Problem details
No pictures go in the copy; retype exactly the lines from the one with "Demon Leather Wallet, Anime Zipper Wallet" through the last line of the records.
====== Data shown
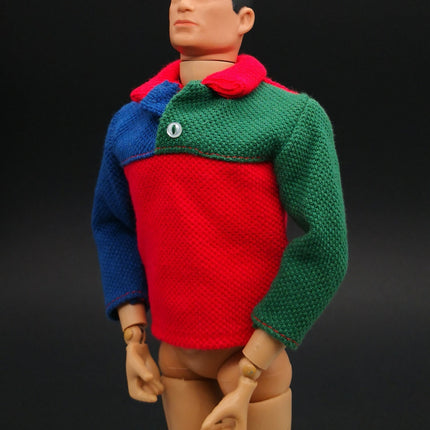 1/6 Scale Red Longsleeve Polo Top – for 12" Figure (Ken, Pre-Owned)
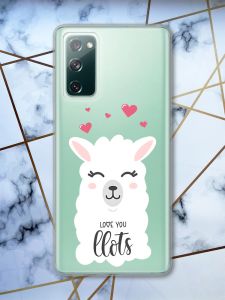 Прозорий чохол на Samsung Galaxy S20 FE Лама принт 94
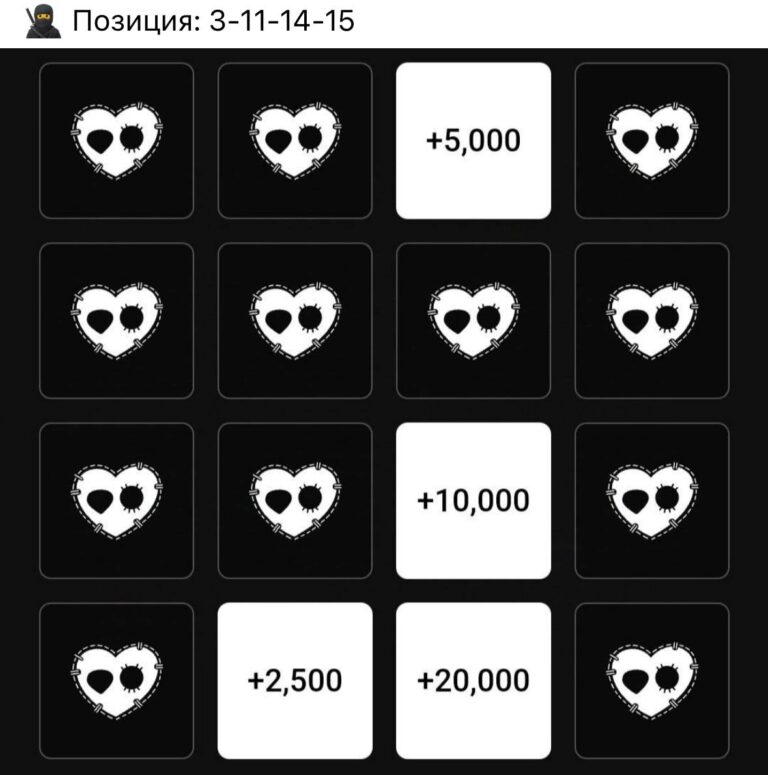 HEART Ежедневное комбо: Получите 37500 $HEART!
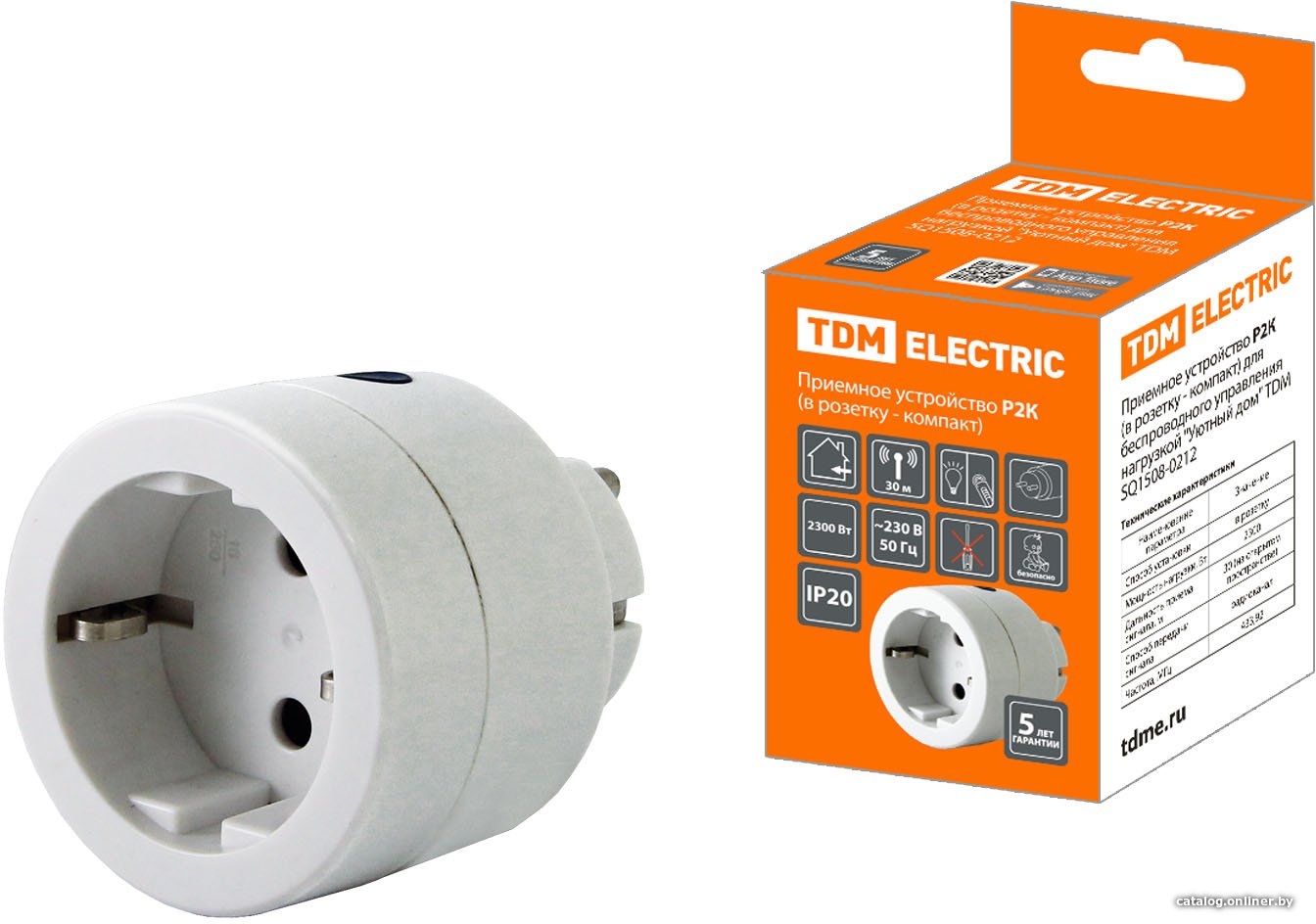 Умная розетка TDM Electric Приемное устройство Р2К SQ1508-0212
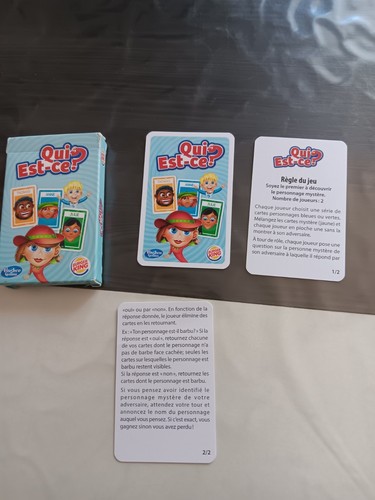 Jeu cartes qui - jeu,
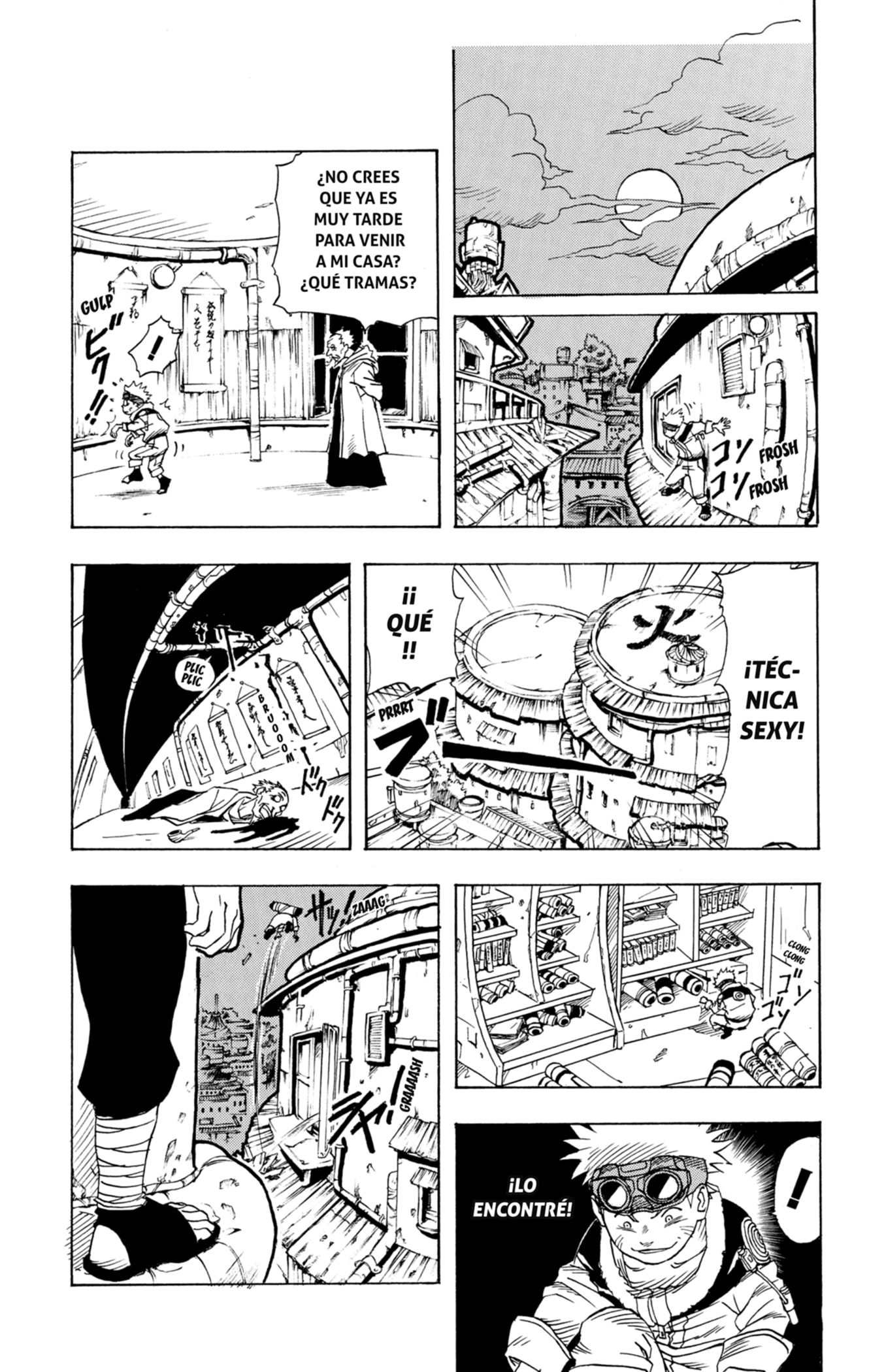 Read Naruto ES Manga Online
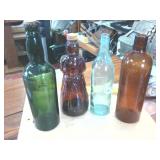 Lot of Vintage Bottles   - notably The Duffy Malt Whisky Company and Aunt Jemima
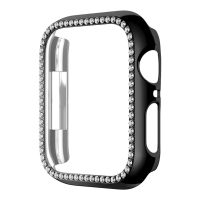 Θήκη Προστασία Luxury Diamond PC Sonique για Apple Watch 7/8/9 41mm Μαύρο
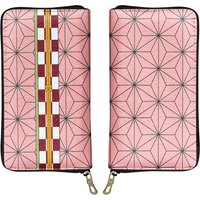 Demon Leather Wallet, Anime Zipper Wallet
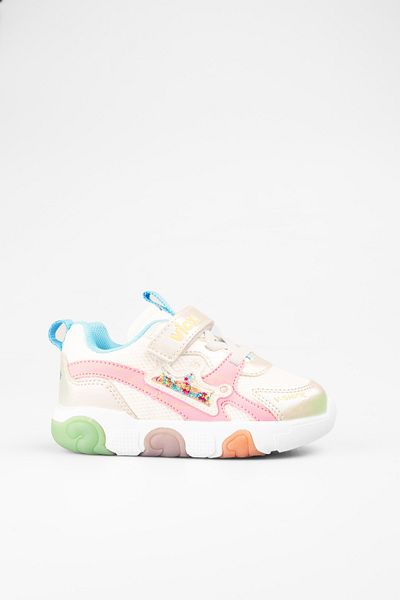 Vicco Queen Lighted Girls Preschool White Sports Shoes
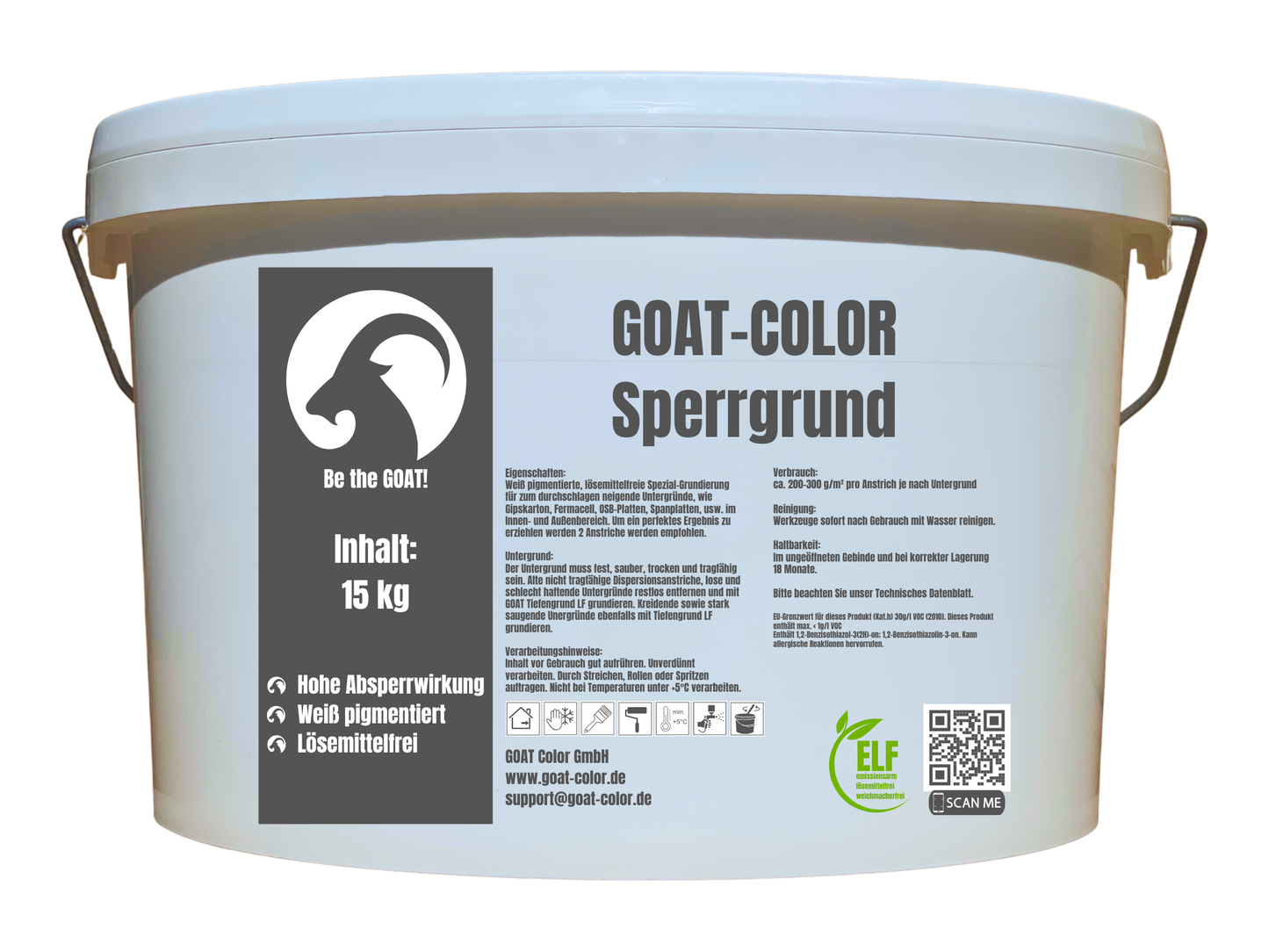 GOAT Sperrgrund / Absperrgrund – Isoliergrund & Nikotinsperre gegen Flecken für Innen und Außen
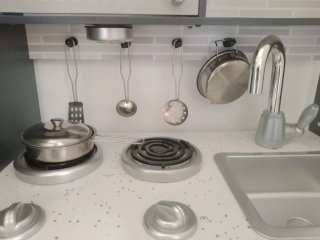 Cocina de juguete de madera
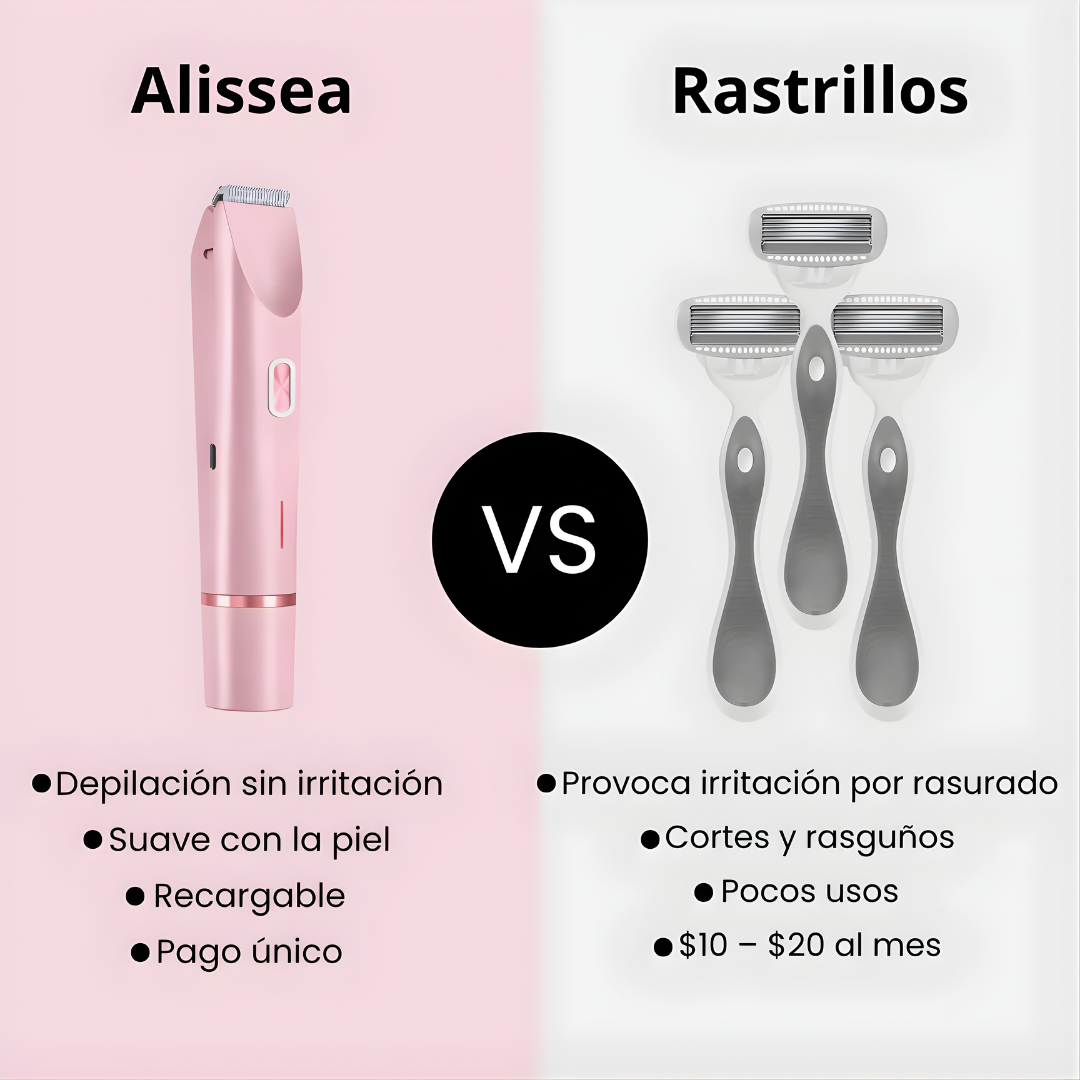 RASURADORA ELÉCTRICA PARA DAMA 2 EN 1 – Depilación suave, precisión total y cuidado para tu piel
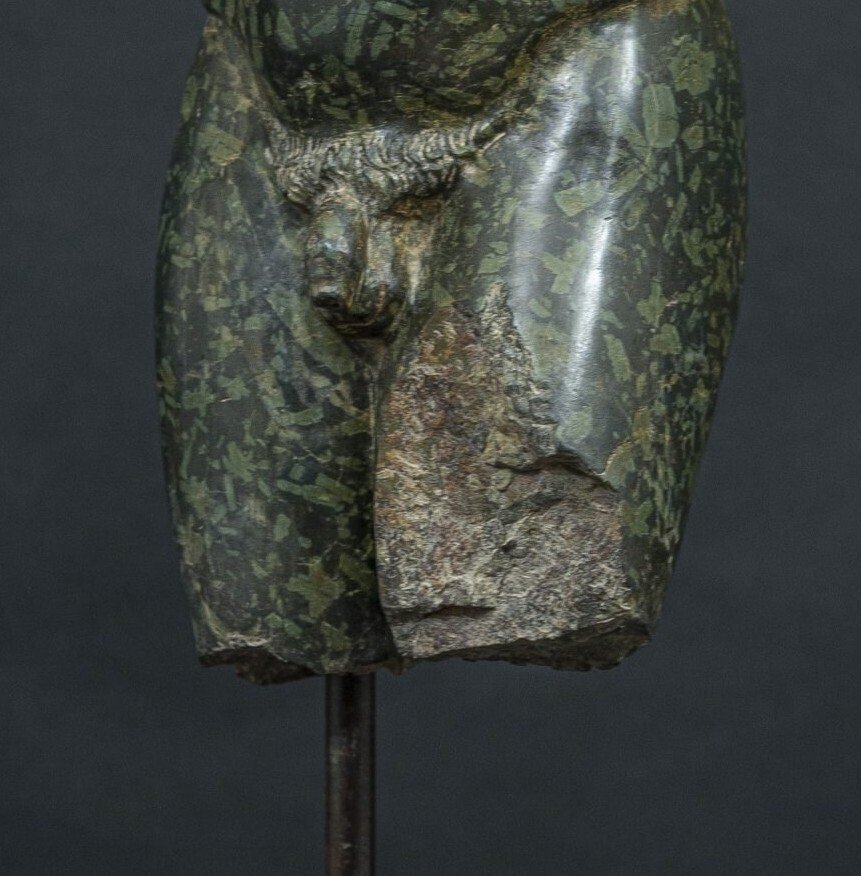 雕塑, Torso virile - 47 cm - Porfido verde #3.2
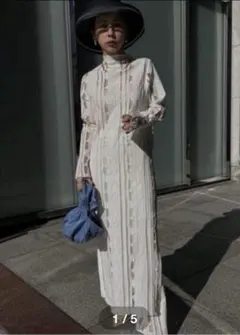 アメリMEDI SHEER GEOMETRIC KNIT DRESS pants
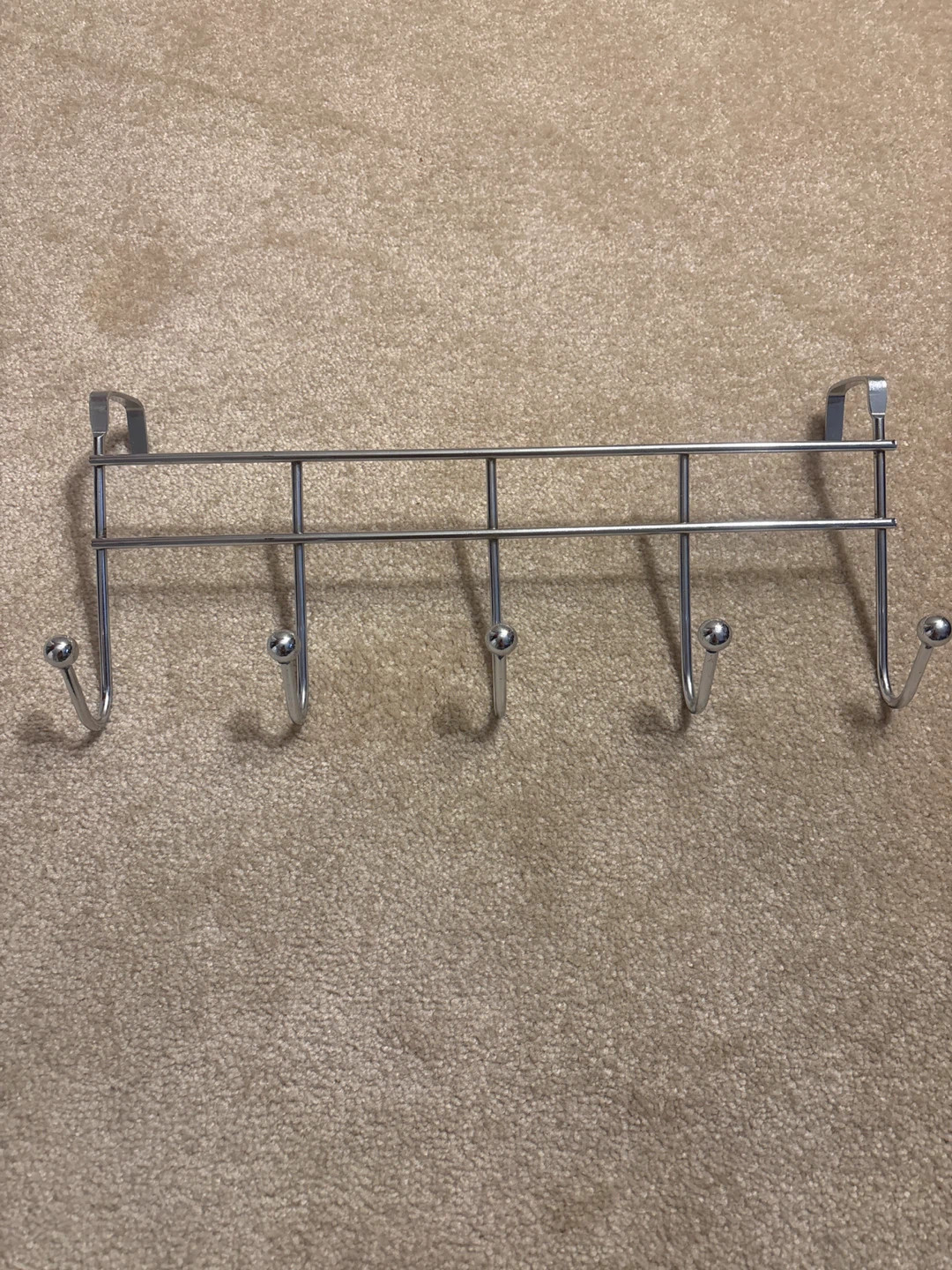 Chrome Over-the-Door 5-Hook Rack brand new - photo 5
============
Exercise solution
 Demon Leather Wallet, Anime Zipper Wallet
 Vicco Queen Lighted Girls Preschool White Sports Shoes
 GOAT Sperrgrund / Absperrgrund – Isoliergrund & Nikotinsperre gegen Flecken für Innen und Außen
 Cocina de juguete de madera
 RASURADORA ELÉCTRICA PARA DAMA 2 EN 1 – Depilación suave, precisión total y cuidado para tu piel
 雕塑, Torso virile - 47 cm - Porfido verde #3.2
 アメリMEDI SHEER GEOMETRIC KNIT DRESS pants
 Chrome Over-the-Door 5-Hook Rack brand new - photo 5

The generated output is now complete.